The statue occupied half the width of the aisle of the temple built to house it. The geographer Strabo noted early in the 1st century BC that the statue gave "the impression that if Zeus arose and stood erect he would unroof the temple."[3] The Zeus was a chryselephantine sculpture, made with ivory and gold panels on a wooden substructure. No copy in marble or bronze has survived, though there are recognizable but only approximate versions on coins of nearby Elis and on Roman coins and engraved gems.[4]

The 2nd-century AD geographer and traveler Pausanias left a detailed description: the statue was crowned with a sculpted wreath of olive sprays and wore a gilded robe made from glass and carved with animals and lilies. Its right hand held a small chryselephantine statue of crowned Nike, goddess of victory; its left a scepter inlaid with many metals, supporting an eagle. The throne featured painted figures and wrought images and was decorated with gold, precious stones, ebony, and ivory.[5] Zeus' golden sandals rested upon a footstool decorated with an Amazonomachy in relief. The passage underneath the throne was restricted by painted screens.[6]

Pausanias also recounts that the statue was kept constantly coated with olive oil to counter the harmful effect on the ivory caused by the "marshiness" of the Altis grove. The floor in front of the image was paved with black tiles and surrounded by a raised rim of marble to contain the oil.[7] This reservoir acted as a reflecting pool which doubled the apparent height of the statue.[8]
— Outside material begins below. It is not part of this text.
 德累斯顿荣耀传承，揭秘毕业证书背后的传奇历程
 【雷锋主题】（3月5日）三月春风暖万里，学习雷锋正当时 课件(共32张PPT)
According to the Roman historian Livy, the Roman general Aemilius Paullus (the victor over Macedon) saw the statue and "was moved to his soul, as if he had seen the god in person",[9] while the 1st-century AD Greek orator Dio Chrysostom declared that a single glimpse of the statue would make a man forget all his earthly troubles.[10]

Statue of Jupiter (Hermitage), marble and bronze (restored), following the type established by Phidias (Hermitage Museum, Saint Petersburg)

According to Strabo, when Phidias was asked about the model he would use for his Zeus, he answered that he would portray Zeus according to these words of Homer:[11]

The son of Cronos spoke, and bowed his dark brow in assent, and the ambrosial locks waved from the king's immortal head; and he made great Olympus quake (English translation by A.T. Murray).[12]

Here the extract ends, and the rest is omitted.